If you have used antidepressants for a number of years, also read: “Now Antidepressant-induced Chronic Depression Has a Name: Tardive Dysphoria,” by Robert Whitaker. Try out his website as well, Mad in America.

You can also read two articles that I’ve written and made available here on Faith Seeking Understanding: “Antidepressant Withdrawal or Discontinuation Syndrome?” and “Antidepressants Their Ineffectiveness and Risks.

Second, become familiar with the potential postwithdrawal side effects of antidepressant withdrawal.

There is a website of free resources at RxISK. You can research reported side effects by drug name; and you can report a drug’s side effects. But be sure to look at the “Symptoms-on-Stopping Zone.” Read about the concept of medication spellbinding coined by Peter Breggin on his ToxicPsychiatry site. Try his article, “Intoxication Anosognosia: The Spellbinding Effect of Psychiatric Drugs” or his book, Medication Madness for a more detailed discussion.

Mario Fava has developed a scale to assess withdrawal/discontinuation symptoms during an antidepressant taper. You can see a copy of his DESS Scale here; and read about antidepressant discontinuation here. You can download the original Fava article here after registering with psychiatrist.com.

Finally, don’t try this at home alone.

Read this blog post on Mad in America by Monica Cassani. Locate psychiatric support groups and websites like Beyond Meds by Monica Cassani.
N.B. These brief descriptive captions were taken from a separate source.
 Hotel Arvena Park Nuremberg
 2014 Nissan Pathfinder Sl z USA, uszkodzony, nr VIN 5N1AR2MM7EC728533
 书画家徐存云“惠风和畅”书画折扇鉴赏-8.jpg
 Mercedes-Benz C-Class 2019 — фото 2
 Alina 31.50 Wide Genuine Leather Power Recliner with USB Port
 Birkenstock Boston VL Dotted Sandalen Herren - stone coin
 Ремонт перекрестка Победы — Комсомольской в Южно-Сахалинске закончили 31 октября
RxISK has published a detailed “Guide to Stopping Antidepressants.” Also read Your Drug May Be Your Problem: How and Why to Stop Taking Psychiatric Medications or Psychiatric Drug Withdrawal, both by Peter Breggin.
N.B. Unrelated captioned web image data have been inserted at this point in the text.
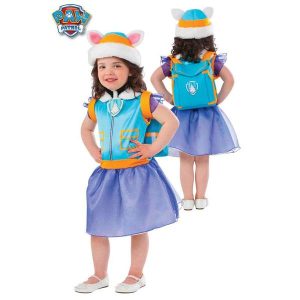 DISFRAZ PATRULLA CANINA EVEREST 2-4 AÑOS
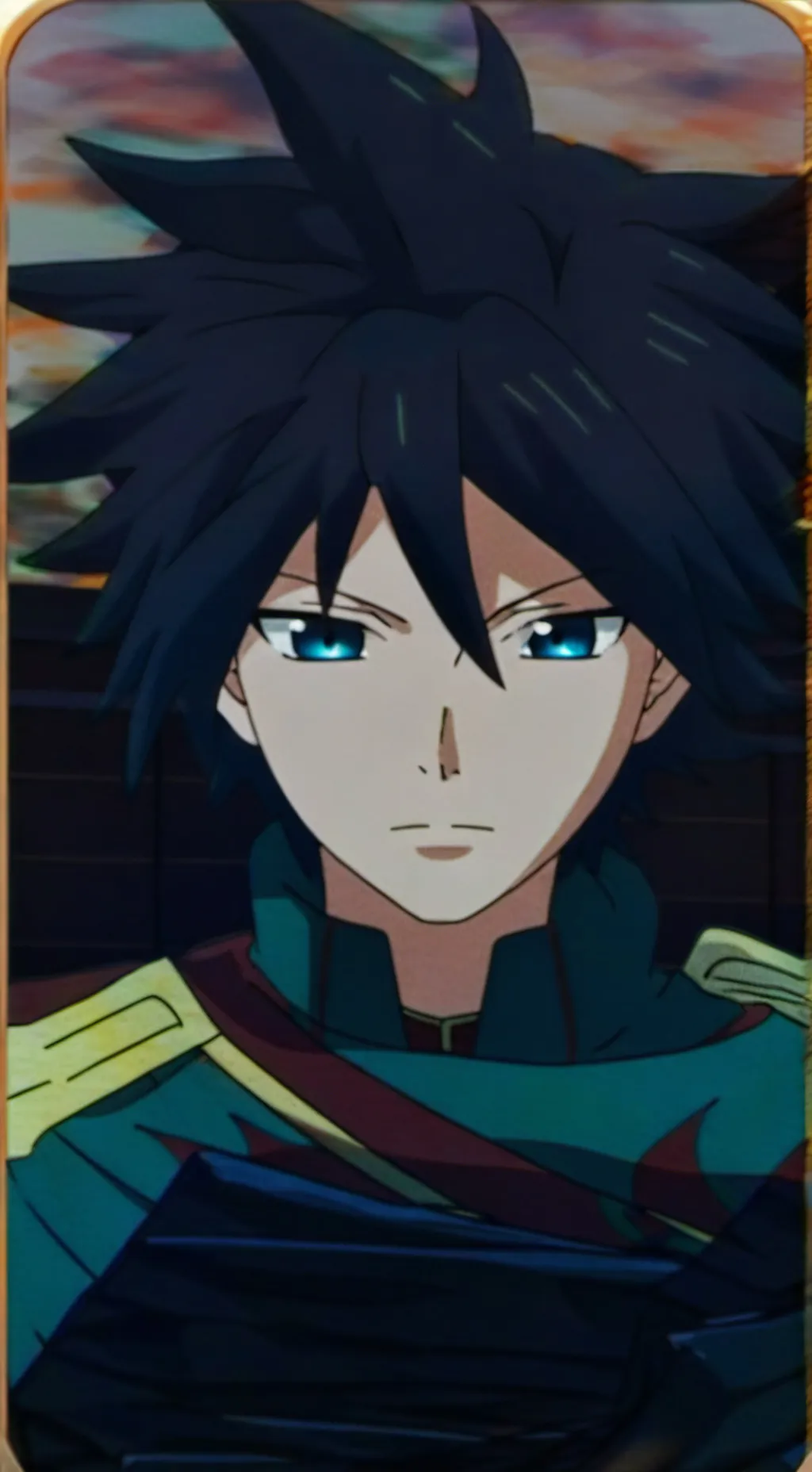 ai character: tomioka giyu background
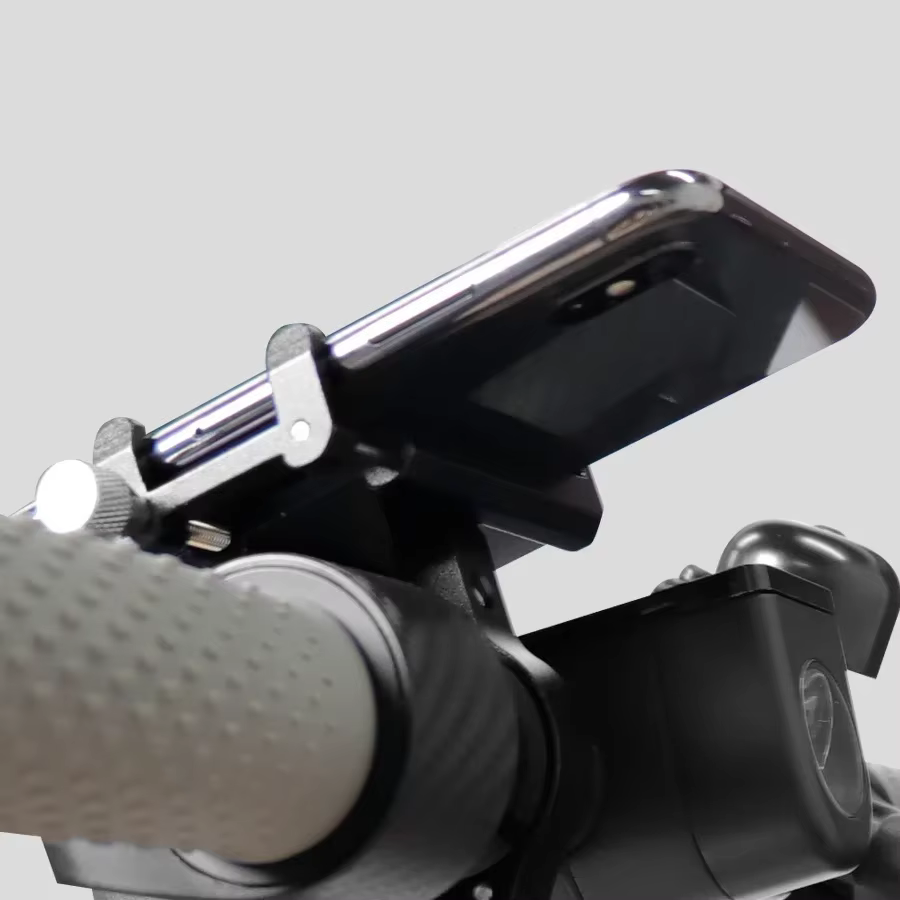 Support de téléphone antidérapant en aluminium pour Scooter électrique Xiaomi M365 Pro Pro2 1S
Make sure you have medical support and monitoring from a doctor or psychiatrist who is supportive of your attempt to taper. Someone who is president of the local chapter of NAMI and believes in the chemical imbalance theory of depression is not a good choice to supervise your drug taper. Postwithdrawal symptoms will be seen as the re-emergence of your underlying psychiatric disorder and proof you need to be on medications for life.

Tell family and friends of your decision and enlist them (those who are receptive to your decision to taper) as members of an accountability or support group. Have them read this material.
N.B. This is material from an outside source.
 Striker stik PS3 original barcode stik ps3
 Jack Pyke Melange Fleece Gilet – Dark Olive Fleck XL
In closing, remember this warning by Dr. Peter Breggin on his website:

Most psychiatric drugs can cause withdrawal reactions, sometimes including life-threatening emotional and physical withdrawal problems. In short, it is not only dangerous to start taking psychiatric drugs, it can also be dangerous to stop them. Withdrawal from psychiatric drugs should be done carefully under experienced clinical supervision.